Monday, August 17, 2020

Life upon the wicked stage can be a trial

I picked up Anne Enright's new novel Actress although I'd never heard of the author or the book. I did not read the flap copy although I did look at the back cover praise, which told me Enright is a Man Booker Prize winner so how much of a risk was I taking? 

Coming to a book or a movie without having read the reviews means you come to it almost naked although not entirely because if Enright is a prize winner and has published ten books she has to have something. But this new novel, was entirely fresh to me and I read it perhaps the best way, without expectations, without assumptions. 

By writing this, I am, to some extent, taking the edge off your opportunity to experience the same pleasure. But I'm going ahead in the hope you'll read Actress anyway.

It is a novel in the form of a memoir. The narrator is an Irish woman, Norah FitzMaurice, who is a novelist writing about her actress mother, Katherine O'Dell. One of the many reasons I like the novel is because Enright ignores the advice for how to write a novel: inciting incident followed by rising action reaching a climax and denouement. I'm not sure Actress has a plot any more than any life has a plot.

Enright, writing from Norah's point of view throughout explores, Kate's history, her grandparents' history, her own sexual and romantic history, Ireland's recent history with Bloody Sunday and The Troubles in Northern Ireland. There is no father and that's one of the threads the author uses to pull readers through the book. Will Norah discover her father?

Another thread—and this is hardly a spoiler because it appears on page 16 at the end of the first chapter—is Katherine's shooting film producer Boyd O'Neill in the foot. By that time she does it, Katherine has been a star in American movies, on Broadway, on Dublin stages, and on Irish television (most famous for appearing in a classic Irish butter commercial.)

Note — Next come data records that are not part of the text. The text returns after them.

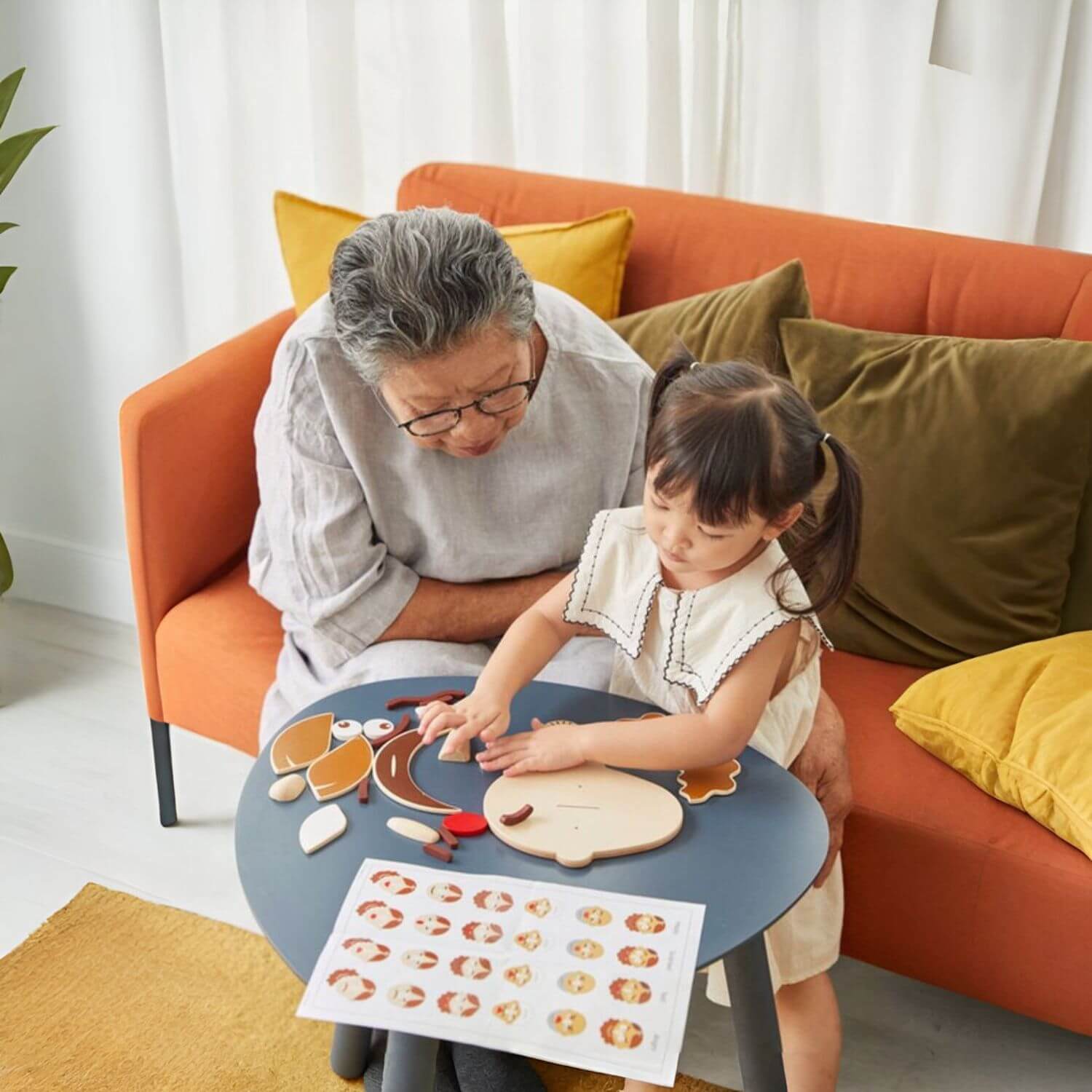 Grandma & Girl Playing PlanToys Build A Face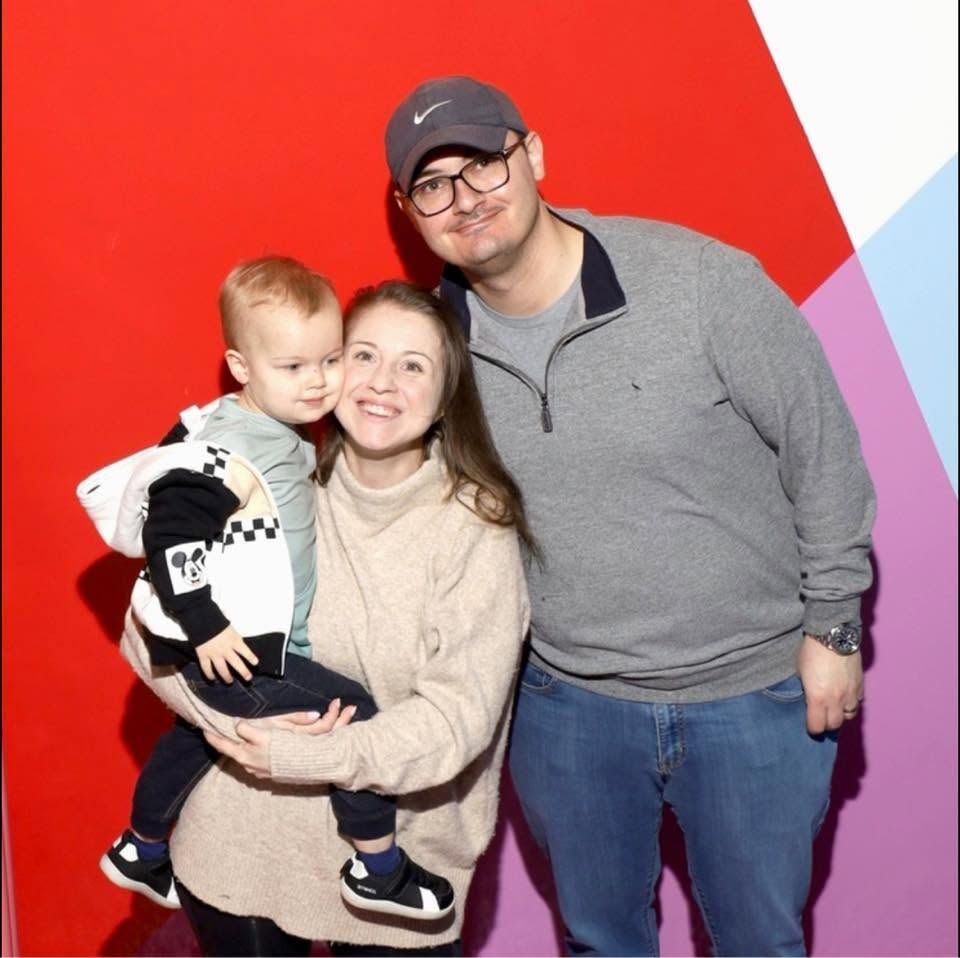 Greene House Studios photographer Megan Greene smiling with her husband Sam and their son Andy in a colorful family portrait.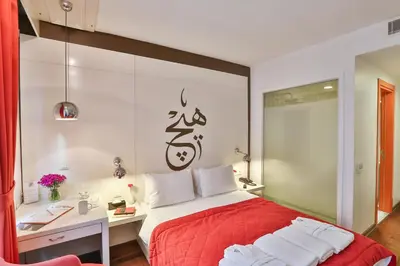 a bedroom with a red bed and a desk at Senatus Hotel - Special Class in Istanbul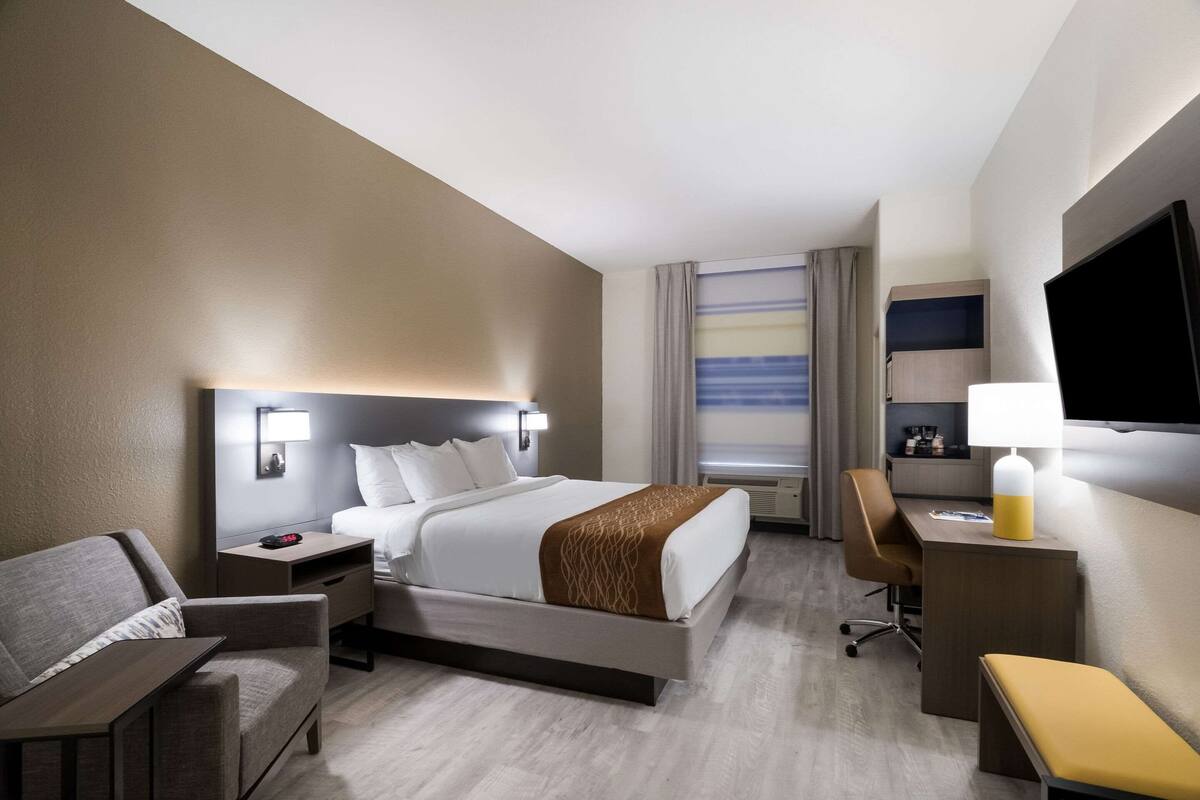 A hotel room with a bed, a desk, a chair, a TV, and a window with curtains.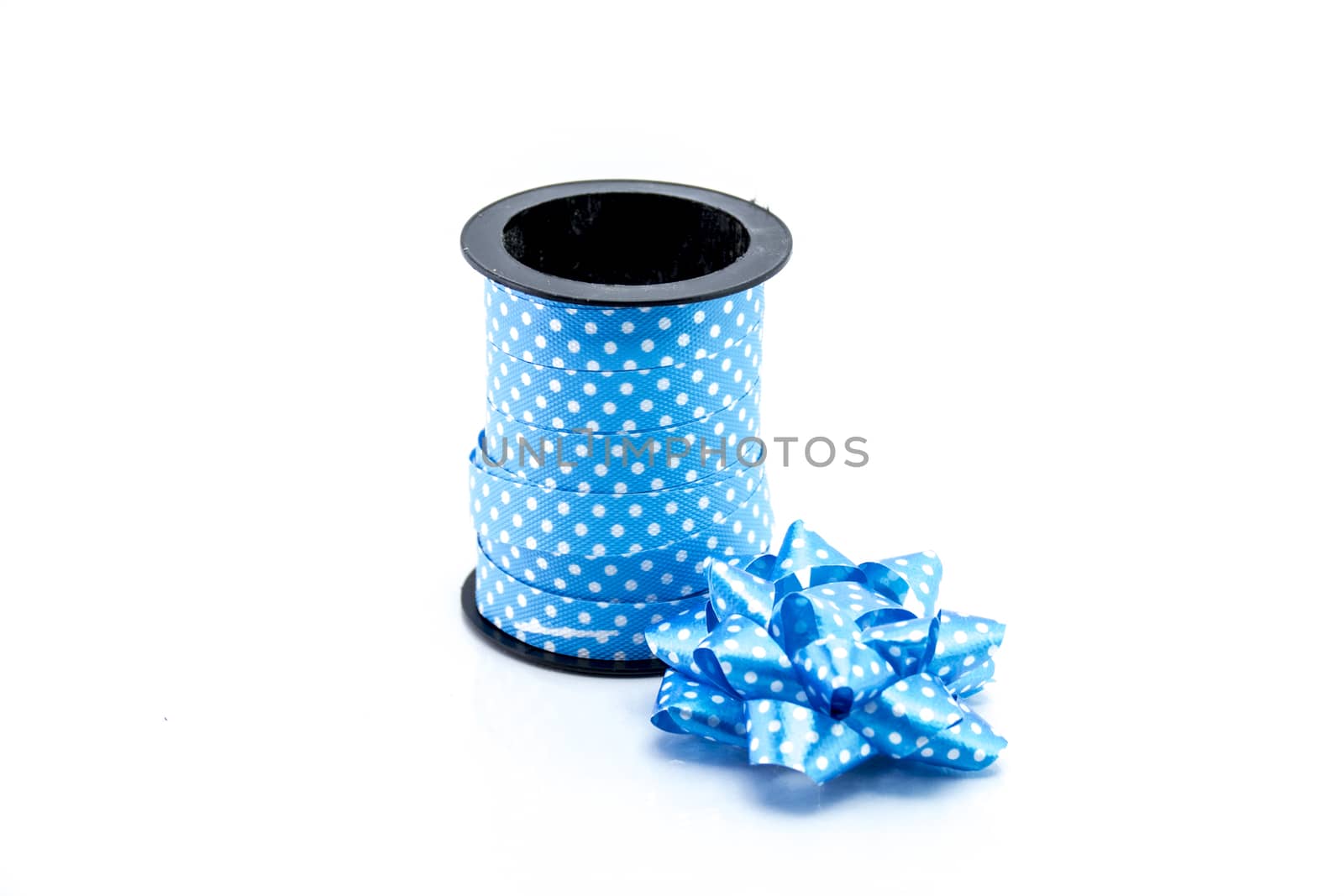 blue satin gift bow. Ribbon. Isolated on white by teerawit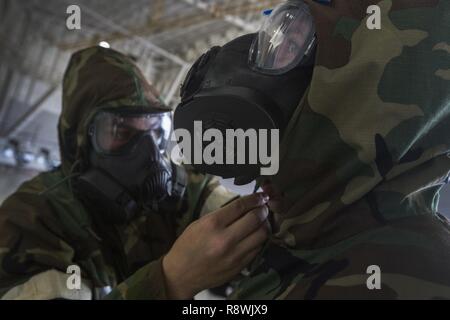 U.S. Airmen perform a buddy check during the first Rapid Ready Weasel ...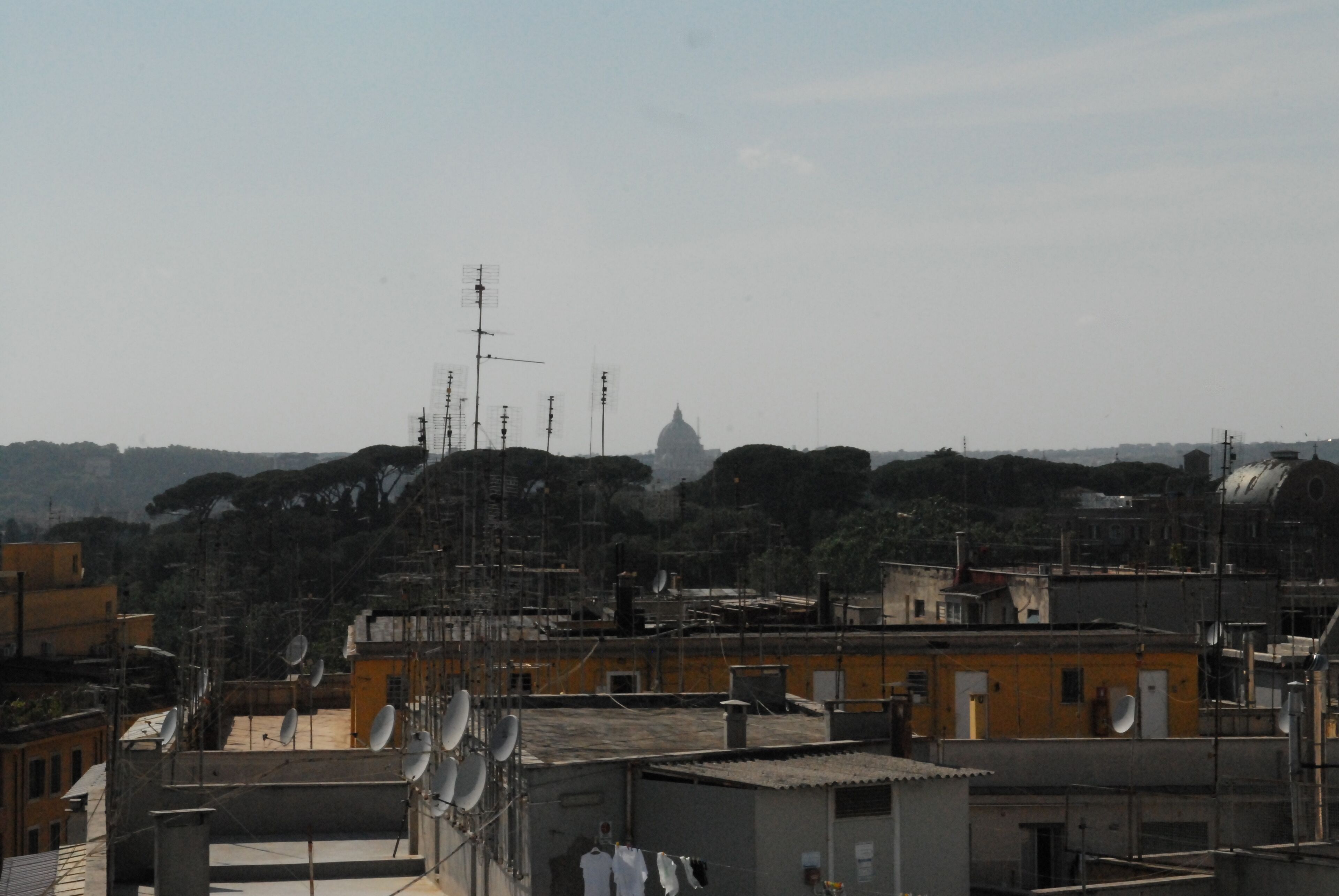 Une vue urbaine avec un imposant dôme visible au loin, entouré d’immeubles résidentiels dotés d’antennes paraboliques.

Because Norah seems to share characteristics with Enright ("I have written five novels . . ." p249; "Anne Enright is the author of five novels . . . " flap copy), and because the writing is so particular, so vivid, and so apt would be easy to believe that Norah is Enright thinly disguised despite the author's disclaimer. But, as Enright said in a 2008 interview, "My father is a retired civil servant—my mother is also a retired civil servant but she retired very early after she got married." So Katherine O'Dell—beautiful, sparkling, careless—is not Enright's mother.

But who cares? It is some kind of fallacy to confuse an author with her character. You read Actress for passages like this: "He was the kind of man who always knew better than the person he was speaking to. Boyd love an inaccuracy, because an inaccuracy could render everything else you said void. It was just a trick. And the copyright trick was another trick. As his authority began to fall apart for me, I see him as a series of half-lies and, perhaps frightened, manipulations, he was always ahead of you, Boyd . . . "

Another pleasure of the book is Enright's description of marriage: "In the morning, I can tell without opening my eyes where the window is, and if it faces the dawn. I sweep my hand in an arc across the sheet to find you recently gone, a thermal ghost in the cotton. Or the bed is cold. Or I bump agains you, a slight shock of skin roughened by hair and you do not stir. I leave my hand there until you wake. There is a moment of silence. Of silent wakefulness. And then you turn. It always amazes me. Even though I have dragged you from your dream, you are pleased to see me there. It feels like forgiveness, every time."

How wonderful to read about a woman who has been married for thirty years and is still in love with her husband. I'm glad Katherine O'Dell was not my mother, but I'm glad Enright created her.